The specter of economic collapse loomed large over Ghana, according to Dr. Mahamudu Bawumia, former Vice President, during his recent Thank You Tour in the UK. He asserted that the nation narrowly averted disaster thanks to the implementation of the Gold-for-Oil Program. This initiative, spearheaded by Dr. Bawumia during his tenure, aimed to stabilize Ghana’s economy by trading gold for petroleum products, thereby reducing reliance on foreign currency reserves. The success and impact of the Gold-for-Oil Program has become a focal point of political debate, with proponents highlighting its benefits and critics questioning its long-term sustainability.
This article delves into the specifics of Dr. Bawumia’s claims, examining the data he presents in support of the Gold-for-Oil Program. It will also consider counter-arguments, particularly those advanced by the National Democratic Congress (NDC), to provide a balanced and comprehensive analysis of the program’s actual impact on Ghana’s economic landscape. Did the Gold-for-Oil Program truly save Ghana from collapse, or were other factors at play?
Dr. Bawumia’s central argument revolves around the idea that the Gold-for-Oil Program provided essential economic support during a period of profound crisis. He stated plainly, “If we had not instituted the gold purchase program as well as the gold-for-oil program, our economy would have collapsed.” According to him, without the program, Ghana would have struggled to secure the $5 billion he believes was necessary to stabilize the economy, potentially leading to dire consequences.

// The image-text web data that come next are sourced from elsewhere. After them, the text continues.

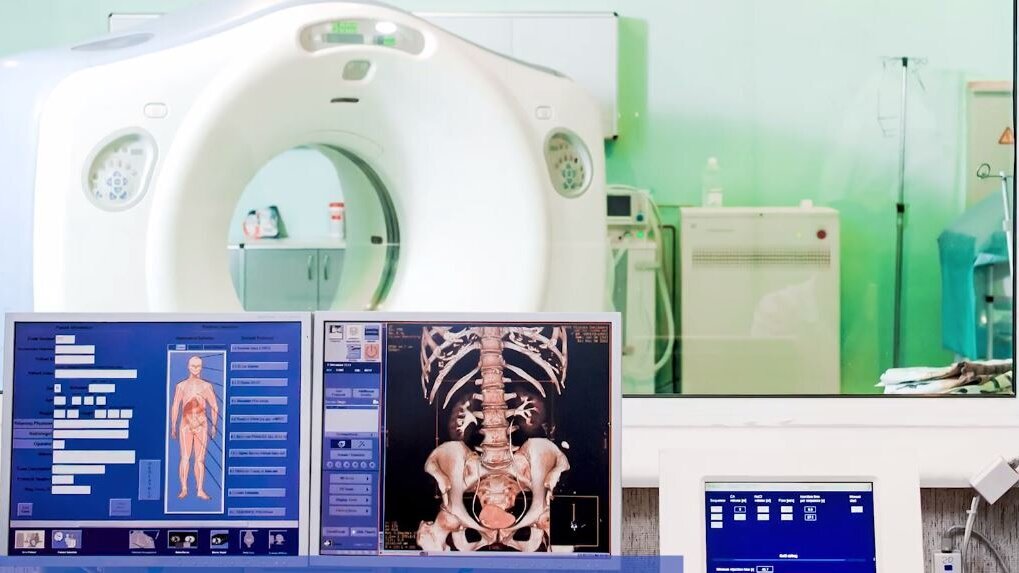 Efikasnost terapije svetlošću u tretmanu oralnog mukozitisa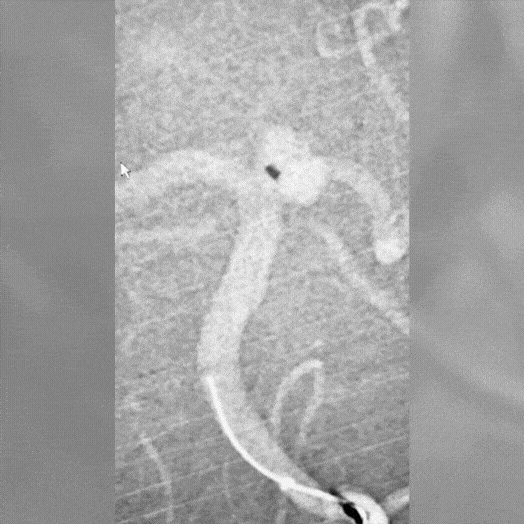 animated angiogram of neuro embolization coil deployment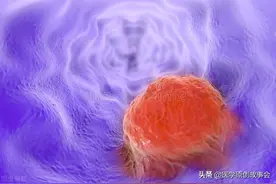 28天癌细胞“清零”，国内首例CAR-T治疗的患者出院，120万值吗图片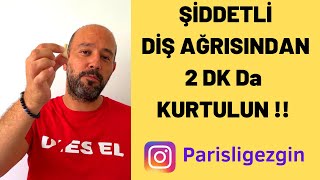 Şiddetli Diş Ağrısı Nasıl Geçer  2 dakika da Diş Ağrısına Kesin Çözüm [upl. by Aizirtap]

The strategic advantage of using gold, according to Bawumia, lies in its unique characteristics. Unlike commodities such as cocoa, timber, or even oil itself, acquiring gold doesn’t necessarily require foreign exchange. It can be obtained either through domestic mining operations or by purchasing it with cedis, streamlining the process and reducing the drain on Ghana’s foreign reserves. This is a key difference from exporting goods to earn foreign exchange, a process that can be subject to global market fluctuations and external economic pressures.
Dr. Bawumia emphasized the scale of the gold purchases, noting that the Bank of Ghana acquired $5 billion worth of gold in just two years. To put this in perspective, he contrasted it with the International Monetary Fund’s (IMF) $3 billion loan, which came with stringent conditions and requirements. The implication is that the Gold-for-Oil Program provided a more direct and readily available source of financial support, without the attached constraints typically associated with international lending.
Bawumia has been critical of the NDC’s record regarding gold reserves. He has stated that “They have been in office so far, they’ve not even increased it by one ton, not a single one ton.” This criticism underscores the importance Bawumia places on building up Ghana’s gold reserves as a strategic asset for maintaining currency stability and buffering against economic shocks.
Historically, Ghana’s gold reserves remained relatively stagnant at 8.7 tons for 65 years following independence. However, Bawumia points to the fact that the NPP increased these reserves to 30 tons in just two years. According to Bawumia, this increase provided significant backing for the cedi, contributing to its stability during a turbulent period. This is a tangible example, according to Bawumia, of the NPP’s commitment to strengthening Ghana’s economic foundations.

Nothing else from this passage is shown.